Howard is one of two Historically Black Colleges and Universities (HBCU) currently competing as members of the Big South Conference along with North Carolina A&T. Howard’s list of alumni includes U.S. Vice President Kamala Harris and author Toni Morrison.

In addition to a student conduct investigation that is already under way, vandenBerg said PC has “engaged independent counsel to conduct an investigation to ensure the most efficient, thorough, and accurate gathering of facts and documentation of findings. We are committed to an expeditious, thorough, and fair process and to severe consequences for individuals found responsible.”

PC has also closed down gathering spots outside of fan seating for athletic events, including “Hoseville,” the hill outside of Bailey Memorial Stadium.

In a Tweet on Sunday, PC head coach Eric Clakely apologized to Howard’s team and first-year head coach Karen Healy-Scott.

“We apologize to the Howard University women’s lacrosse coach and her players, and we deeply regret the experience they had on our campus,” Clakely’s Tweet read.

In an article published Sunday on, Terry Foy quoted Healy-Scott said the tone of the PC students was threatening and vulgar.

“They started talking about their guns, and their scopes, and their gauges,” Healy-Silcott told Foy. “As their coach, I had to decide ‘Am I going to have to go over there and handle this? They’re going to get worse. Or am I going to leave my girls alone to get in their own heads — because they had a game to prepare for?’ I very much felt torn with what to do. I brought my kids in, talked to them about clearing out everything, I said it was something we’re going to deal with after the game, I was not going to let it go, but I needed them to focus. I’m so proud of my girls for what they did, what they endured, what they handled. It was vulgar‚ very vulgar — threatening. It is the worst experience I’ve ever had with this type of thing at any game in my entire career.”

Healy-Silcott also described PC’s players and coaches as “mortified and embarrassed” at the pregame incidents and the game, a 16-6 PC victory, as competitive and cordial.

But vandenBerg said the ripples of the incident are being felt by those at Howard and PC.

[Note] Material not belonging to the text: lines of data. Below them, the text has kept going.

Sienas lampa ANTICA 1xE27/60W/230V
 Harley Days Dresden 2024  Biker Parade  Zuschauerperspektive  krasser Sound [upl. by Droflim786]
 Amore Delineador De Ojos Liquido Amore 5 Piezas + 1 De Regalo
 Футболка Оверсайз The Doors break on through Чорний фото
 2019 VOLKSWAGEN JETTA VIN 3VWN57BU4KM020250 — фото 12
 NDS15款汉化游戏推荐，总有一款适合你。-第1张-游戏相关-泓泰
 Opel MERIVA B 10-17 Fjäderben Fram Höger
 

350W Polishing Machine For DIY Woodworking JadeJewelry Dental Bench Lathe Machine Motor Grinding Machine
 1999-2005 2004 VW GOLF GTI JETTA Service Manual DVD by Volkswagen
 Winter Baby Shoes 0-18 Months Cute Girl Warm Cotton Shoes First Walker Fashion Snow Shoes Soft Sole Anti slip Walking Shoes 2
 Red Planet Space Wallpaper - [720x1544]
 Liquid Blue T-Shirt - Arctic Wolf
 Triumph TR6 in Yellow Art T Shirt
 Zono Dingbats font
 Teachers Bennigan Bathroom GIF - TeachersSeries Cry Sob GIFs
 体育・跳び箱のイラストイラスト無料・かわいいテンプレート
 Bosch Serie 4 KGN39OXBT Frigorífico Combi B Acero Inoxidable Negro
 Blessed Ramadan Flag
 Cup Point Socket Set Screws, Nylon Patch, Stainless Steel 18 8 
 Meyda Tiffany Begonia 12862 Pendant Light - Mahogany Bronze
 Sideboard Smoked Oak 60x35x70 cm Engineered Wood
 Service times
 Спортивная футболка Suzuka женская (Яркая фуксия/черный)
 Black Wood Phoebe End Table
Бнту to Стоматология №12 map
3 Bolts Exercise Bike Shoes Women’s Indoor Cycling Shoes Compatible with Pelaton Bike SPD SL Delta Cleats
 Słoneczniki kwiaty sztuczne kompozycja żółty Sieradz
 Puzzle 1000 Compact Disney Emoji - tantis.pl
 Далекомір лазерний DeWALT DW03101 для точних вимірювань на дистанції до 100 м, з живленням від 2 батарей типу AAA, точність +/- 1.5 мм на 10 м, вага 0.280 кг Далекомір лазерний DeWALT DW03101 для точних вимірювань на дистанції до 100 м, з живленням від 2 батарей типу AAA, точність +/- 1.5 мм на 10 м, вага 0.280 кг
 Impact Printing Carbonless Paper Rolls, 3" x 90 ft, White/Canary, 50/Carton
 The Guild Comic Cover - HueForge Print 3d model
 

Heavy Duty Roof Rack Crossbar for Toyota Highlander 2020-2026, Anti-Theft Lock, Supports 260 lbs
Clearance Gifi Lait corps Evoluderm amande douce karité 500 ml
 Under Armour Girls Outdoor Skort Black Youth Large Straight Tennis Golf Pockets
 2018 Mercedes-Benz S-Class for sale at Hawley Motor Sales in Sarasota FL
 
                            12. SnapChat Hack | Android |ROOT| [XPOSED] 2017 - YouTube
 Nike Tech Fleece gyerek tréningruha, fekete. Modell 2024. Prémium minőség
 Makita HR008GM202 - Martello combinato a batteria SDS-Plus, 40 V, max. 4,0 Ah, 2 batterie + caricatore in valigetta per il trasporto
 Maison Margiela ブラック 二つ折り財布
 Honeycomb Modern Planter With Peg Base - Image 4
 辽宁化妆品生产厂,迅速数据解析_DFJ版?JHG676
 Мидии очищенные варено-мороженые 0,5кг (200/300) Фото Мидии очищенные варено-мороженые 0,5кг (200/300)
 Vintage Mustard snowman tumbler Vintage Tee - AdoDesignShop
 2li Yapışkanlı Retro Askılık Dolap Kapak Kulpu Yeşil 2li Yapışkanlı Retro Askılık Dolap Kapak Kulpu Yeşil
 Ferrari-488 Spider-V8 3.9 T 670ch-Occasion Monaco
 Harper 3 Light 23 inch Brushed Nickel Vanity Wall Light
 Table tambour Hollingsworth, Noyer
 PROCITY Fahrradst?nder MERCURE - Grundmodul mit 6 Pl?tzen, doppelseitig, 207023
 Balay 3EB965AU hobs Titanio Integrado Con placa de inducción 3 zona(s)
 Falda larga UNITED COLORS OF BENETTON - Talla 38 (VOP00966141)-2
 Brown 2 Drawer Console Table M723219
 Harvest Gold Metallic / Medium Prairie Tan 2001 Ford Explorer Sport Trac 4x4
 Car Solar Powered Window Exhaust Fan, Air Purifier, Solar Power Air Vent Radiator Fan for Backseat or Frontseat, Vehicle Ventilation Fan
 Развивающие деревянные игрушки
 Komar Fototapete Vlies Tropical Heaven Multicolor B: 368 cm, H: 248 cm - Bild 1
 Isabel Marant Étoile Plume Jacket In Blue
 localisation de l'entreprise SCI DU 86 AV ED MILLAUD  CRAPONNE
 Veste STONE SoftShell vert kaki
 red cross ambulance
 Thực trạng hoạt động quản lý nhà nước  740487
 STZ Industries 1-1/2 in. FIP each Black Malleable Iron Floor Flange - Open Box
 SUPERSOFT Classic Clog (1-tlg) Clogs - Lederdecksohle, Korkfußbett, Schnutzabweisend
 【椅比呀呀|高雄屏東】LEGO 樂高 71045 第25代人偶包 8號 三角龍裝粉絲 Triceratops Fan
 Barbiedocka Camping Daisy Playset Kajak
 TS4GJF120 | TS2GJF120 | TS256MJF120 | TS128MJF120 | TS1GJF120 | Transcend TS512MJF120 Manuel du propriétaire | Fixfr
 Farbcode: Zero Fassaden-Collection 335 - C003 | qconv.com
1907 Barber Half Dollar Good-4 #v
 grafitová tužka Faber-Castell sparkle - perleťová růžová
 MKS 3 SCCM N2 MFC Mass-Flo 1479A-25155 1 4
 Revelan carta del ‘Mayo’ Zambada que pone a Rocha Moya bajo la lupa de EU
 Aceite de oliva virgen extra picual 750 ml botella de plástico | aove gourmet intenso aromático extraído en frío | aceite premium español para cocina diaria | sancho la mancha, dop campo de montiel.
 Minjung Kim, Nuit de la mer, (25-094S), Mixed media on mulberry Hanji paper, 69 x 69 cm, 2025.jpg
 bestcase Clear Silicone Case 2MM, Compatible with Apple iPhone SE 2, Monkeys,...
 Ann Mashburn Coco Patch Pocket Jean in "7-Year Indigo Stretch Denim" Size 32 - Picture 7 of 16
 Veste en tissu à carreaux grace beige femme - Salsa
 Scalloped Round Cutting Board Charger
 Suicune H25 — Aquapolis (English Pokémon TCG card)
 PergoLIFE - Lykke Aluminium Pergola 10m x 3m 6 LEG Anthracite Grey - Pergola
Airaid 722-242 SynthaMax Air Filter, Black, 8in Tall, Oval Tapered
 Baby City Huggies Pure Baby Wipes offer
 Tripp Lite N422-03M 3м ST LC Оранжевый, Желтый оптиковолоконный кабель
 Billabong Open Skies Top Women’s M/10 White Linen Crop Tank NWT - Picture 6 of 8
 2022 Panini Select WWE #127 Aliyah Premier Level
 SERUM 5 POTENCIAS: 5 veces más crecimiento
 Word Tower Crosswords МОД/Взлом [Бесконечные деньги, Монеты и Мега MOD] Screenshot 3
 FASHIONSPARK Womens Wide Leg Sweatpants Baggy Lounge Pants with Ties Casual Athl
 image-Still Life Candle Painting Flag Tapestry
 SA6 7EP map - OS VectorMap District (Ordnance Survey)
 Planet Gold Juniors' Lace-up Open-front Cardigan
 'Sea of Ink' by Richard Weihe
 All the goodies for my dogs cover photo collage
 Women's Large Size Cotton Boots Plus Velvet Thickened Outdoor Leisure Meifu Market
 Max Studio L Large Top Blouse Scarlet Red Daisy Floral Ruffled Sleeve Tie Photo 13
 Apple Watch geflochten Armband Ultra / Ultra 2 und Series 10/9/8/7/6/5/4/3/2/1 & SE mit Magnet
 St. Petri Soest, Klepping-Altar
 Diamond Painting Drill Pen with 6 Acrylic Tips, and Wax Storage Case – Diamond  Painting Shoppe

“Our hearts hurt for our visitors from Howard University,” he said. “They also hurt for women and people of color in the PC community, many of whom have told me they feel less safe on their own campus because of the actions of select students. We, as a community, stand with them and are committed to their safety and ability to flourish.”

Marc Riccio, president and CEO of USA Lacrosse, described the incident as “infuriating.” He released a statement on Sunday as well.

“At a time when we’re recognizing the amazing contributions of the Black community, it’s saddening to think there is still much work to be done,” Riccio said. “We want to offer our full support to the players, coaches and staff of Howard University. USA Lacrosse remains committed to fostering a national lacrosse community that encourages understanding, appreciation and acceptance of all.”

vandenBerg expressed similar sentiments as he said PC must hold itself accountable.

“While it is proper and right to express outrage and to apologize for wrongdoing, we will not confuse apologies with action, accountability, and meaningful progress toward living our values,” he said.